== Records shown

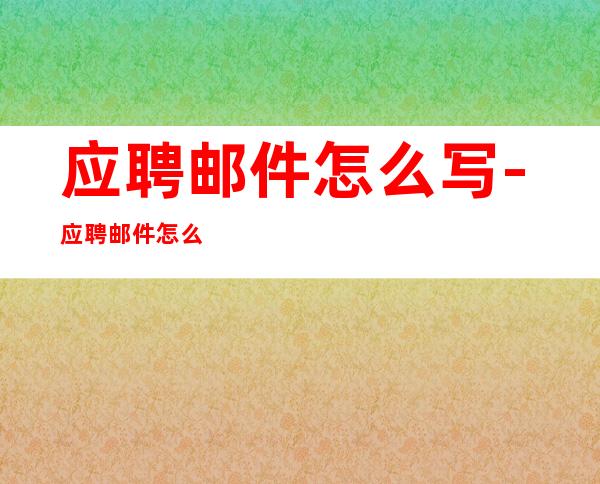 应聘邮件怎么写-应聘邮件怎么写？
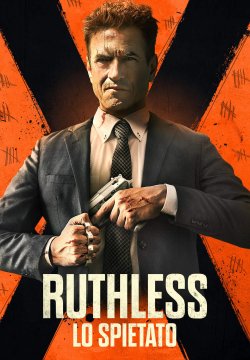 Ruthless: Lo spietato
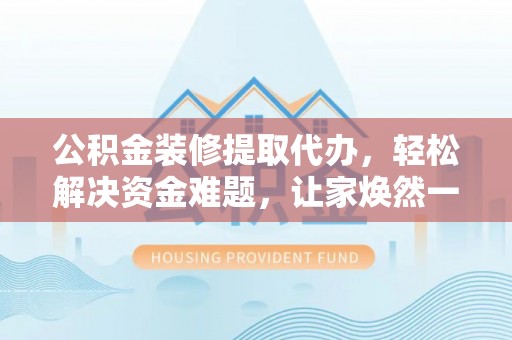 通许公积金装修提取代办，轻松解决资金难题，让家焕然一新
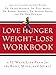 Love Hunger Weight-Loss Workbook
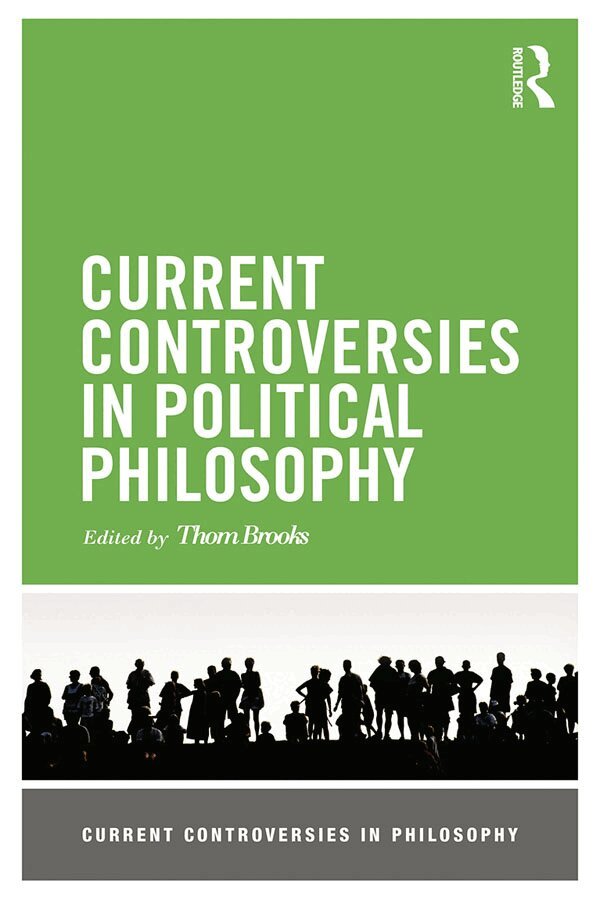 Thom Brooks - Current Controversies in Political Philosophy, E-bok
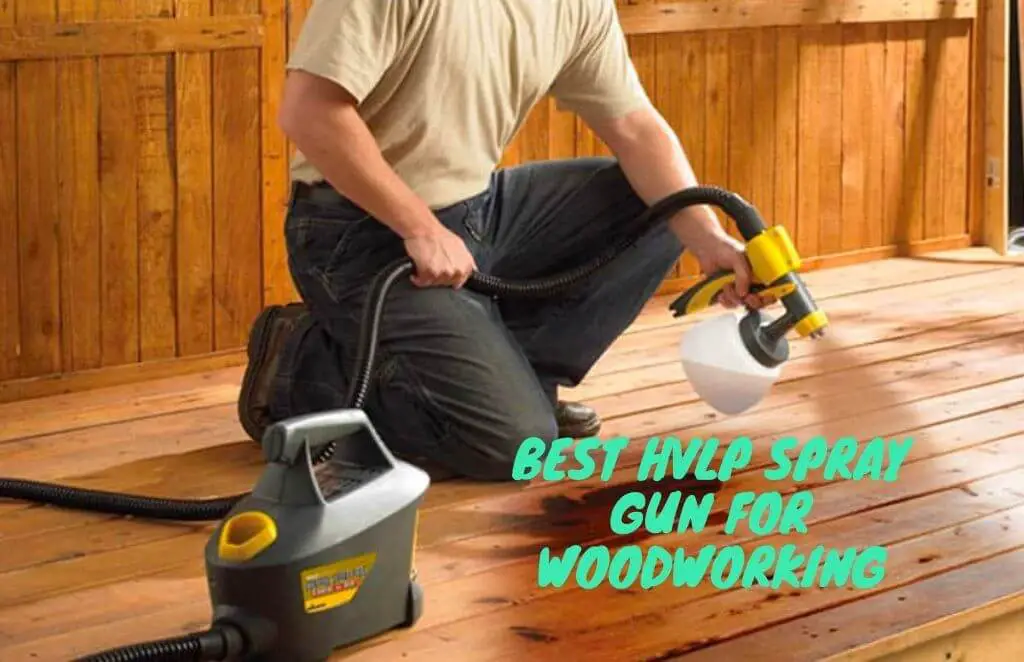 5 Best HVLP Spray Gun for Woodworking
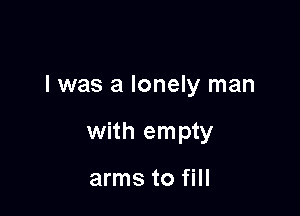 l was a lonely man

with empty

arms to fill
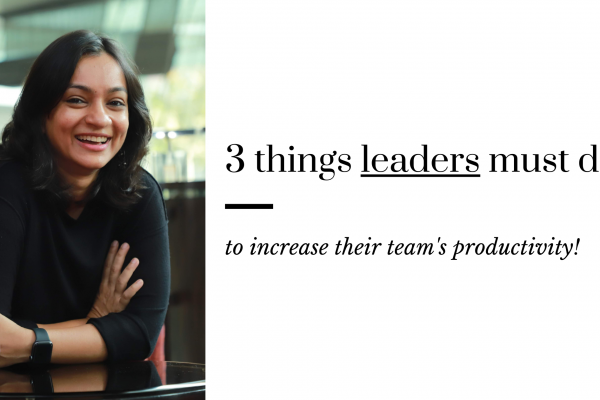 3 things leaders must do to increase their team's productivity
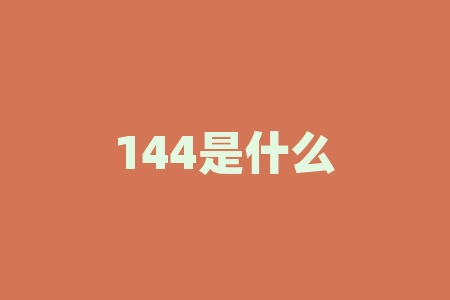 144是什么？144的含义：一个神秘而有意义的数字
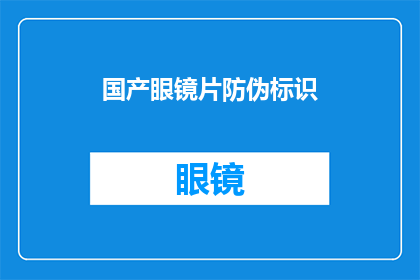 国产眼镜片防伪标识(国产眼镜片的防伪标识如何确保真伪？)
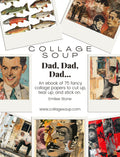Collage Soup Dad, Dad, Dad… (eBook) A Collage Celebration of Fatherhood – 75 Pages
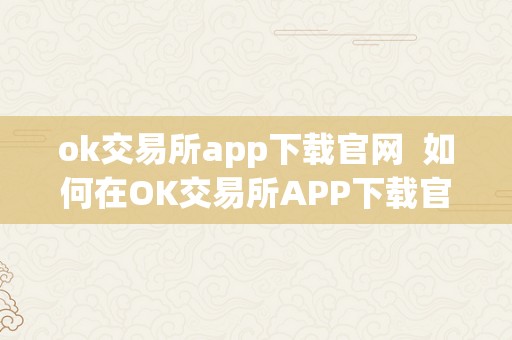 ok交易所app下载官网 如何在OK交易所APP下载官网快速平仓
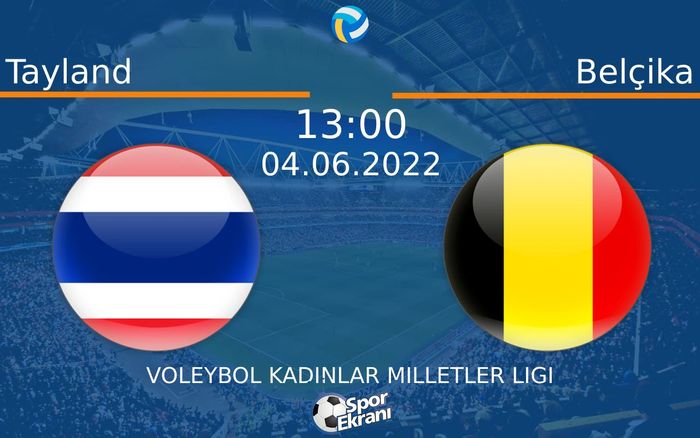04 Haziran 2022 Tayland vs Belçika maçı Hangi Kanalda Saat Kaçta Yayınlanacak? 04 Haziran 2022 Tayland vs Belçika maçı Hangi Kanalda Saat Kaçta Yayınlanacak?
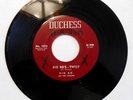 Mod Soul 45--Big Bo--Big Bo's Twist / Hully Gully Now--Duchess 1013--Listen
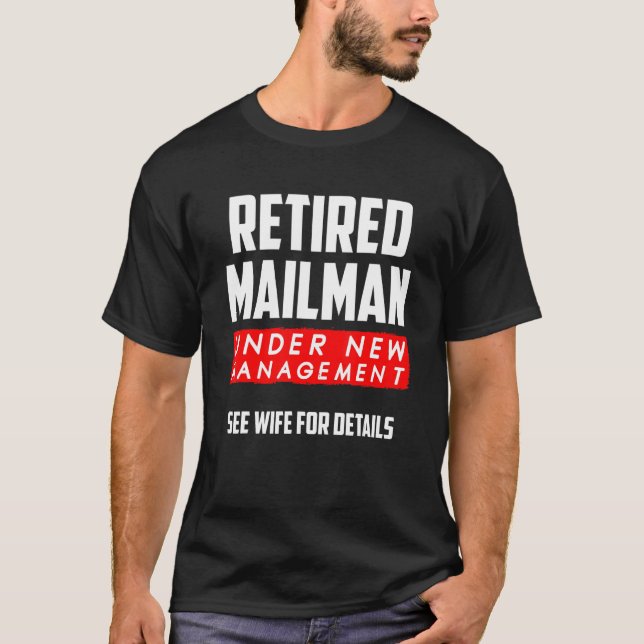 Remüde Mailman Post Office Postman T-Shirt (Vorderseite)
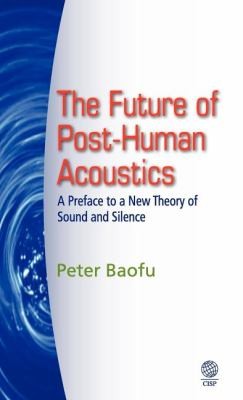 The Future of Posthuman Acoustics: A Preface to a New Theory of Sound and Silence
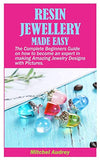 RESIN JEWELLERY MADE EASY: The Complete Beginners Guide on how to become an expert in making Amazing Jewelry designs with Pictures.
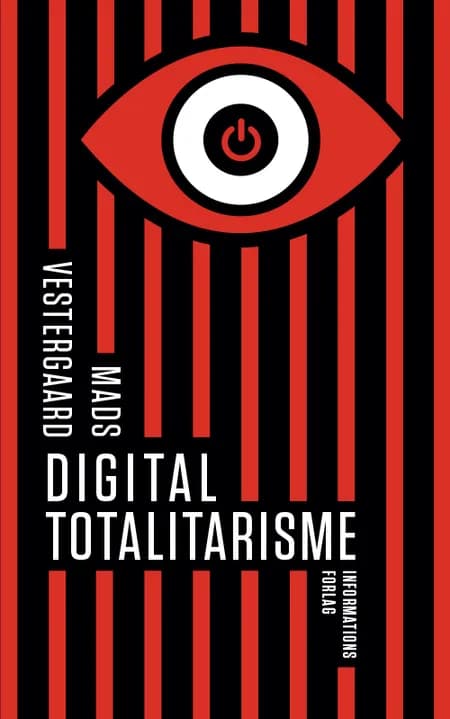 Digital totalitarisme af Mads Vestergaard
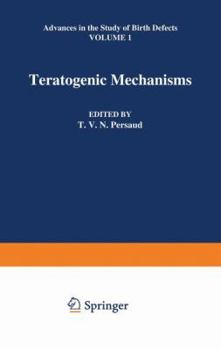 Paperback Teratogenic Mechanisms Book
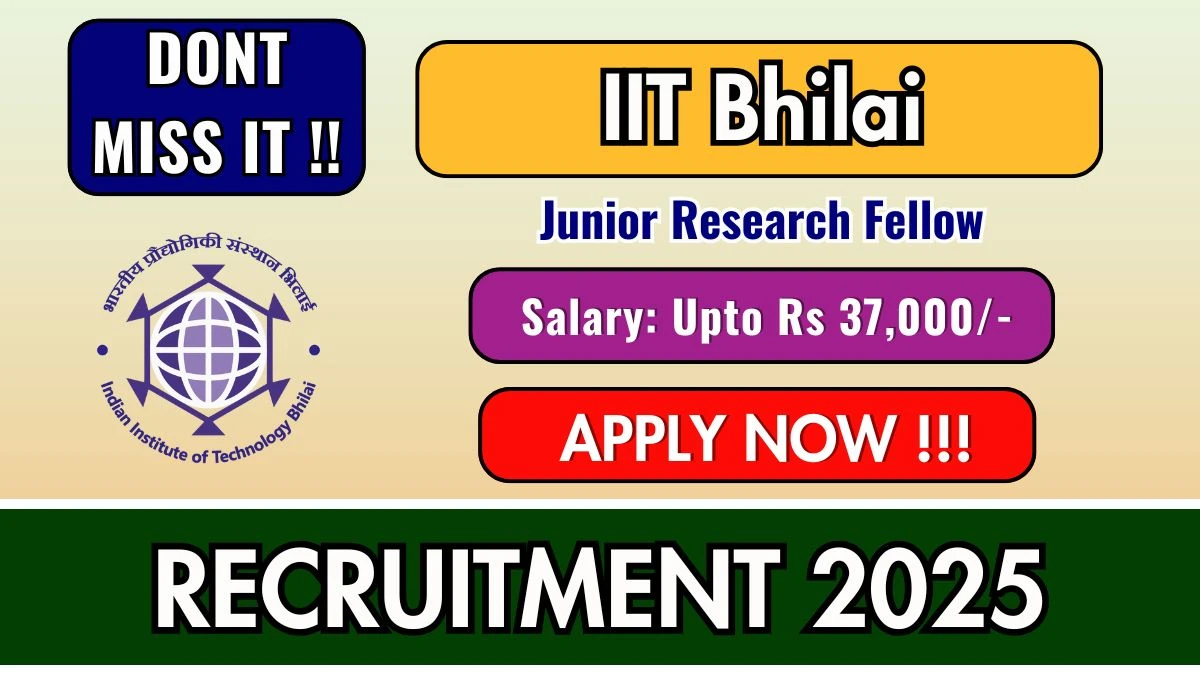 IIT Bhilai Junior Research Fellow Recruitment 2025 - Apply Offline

====

__Your instructions__
Within the listing above, find the line containing "Ruthless: Lo spietato" and the line containing "arms to fill". Transcribe them and everything between them exactly, leaving out the pictures.

__Answer to this exercise__
 Ruthless: Lo spietato
 通许公积金装修提取代办，轻松解决资金难题，让家焕然一新
 Love Hunger Weight-Loss Workbook
 Thom Brooks - Current Controversies in Political Philosophy, E-bok
 5 Best HVLP Spray Gun for Woodworking
 l was a lonely man

with empty

arms to fill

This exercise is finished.